[1/3 - Anomaly Detection] [1/2 - KNN Classification] Batch Upload Dataset to Qdrant (Crops Dataset)

This workflow implements the bulk import of crop image datasets from Google Cloud Storage and performs multimodal feature embedding. The generated vectors and associated metadata are batch uploaded to the Qdrant vector database, supporting the automatic creation of collections and indexes to ensure data structure compliance. Specifically designed for anomaly detection scenarios, it filters images of specific categories to facilitate subsequent model training and validation. It is suitable for agricultural image classification, anomaly detection, and large-scale image data management, enhancing data processing efficiency and accuracy.

Workflow Diagram
[1/3 - Anomaly Detection] [1/2 - KNN Classification] Batch Upload Dataset to Qdrant (Crops Dataset) Workflow diagram

Workflow Name

[1/3 - Anomaly Detection] [1/2 - KNN Classification] Batch Upload Dataset to Qdrant (Crops Dataset)

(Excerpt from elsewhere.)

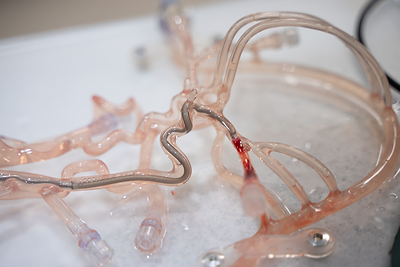 Johnson and Johnson Thrombectomy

Key Features and Highlights

This workflow enables batch importing of crop image datasets from Google Cloud Storage, performs multimodal feature embedding on the images, and uploads the generated vectors along with associated metadata in batches to the Qdrant vector database. It supports automatic creation of Qdrant collections and indexes, ensuring standardized and efficient data structure and upload processes. Specifically designed for anomaly detection scenarios, it filters out images of certain categories (e.g., “tomato”) for testing purposes, facilitating subsequent training and validation of anomaly detection models.

Core Problems Addressed

  • Automates batch import and processing of large-scale image datasets, eliminating manual and tedious operations.
  • Unifies vectorized representation of image data to facilitate subsequent vector-based similarity search and classification.
  • Checks for the existence of Qdrant collections and dynamically creates them to prevent errors from duplicate creation.
  • Generates unique UUIDs as Qdrant point IDs to guarantee data point uniqueness.
  • Supports batch-wise processing and uploading to improve upload efficiency and reduce API pressure.
  • Creates payload indexes to optimize query performance based on metadata fields such as crop_name.

Application Scenarios

  • Agricultural image classification and anomaly detection: vectorized storage of various crop images to support downstream anomaly recognition and classification tasks.
  • Any machine learning or AI applications requiring image data conversion to vectors and storage in vector databases.
  • Batch processing and management of large-scale image datasets.
  • Construction of vector search systems based on Qdrant.

Main Workflow Steps

  1. Manually trigger the workflow start.
  2. Configure Qdrant cloud connection variables, including cluster URL, collection name, embedding vector dimension, and batch size.
  3. Check if the specified Qdrant collection exists; if not, create the collection and establish payload indexes.
  4. Retrieve the list of crop images from the specified Google Cloud Storage bucket and prefix path.
  5. Construct publicly accessible image URLs and extract crop names from the file paths.
  6. Filter out images belonging to the “tomato” category (for anomaly detection testing).
  7. Split image data into batches according to batch size and generate unique UUIDs for each data point.
  8. Format data to comply with the input requirements of the Voyage AI multimodal embedding API.
  9. Call the Voyage multimodal embedding API to obtain vector representations of the images.
  10. Batch upload the generated vectors along with corresponding metadata to the Qdrant collection.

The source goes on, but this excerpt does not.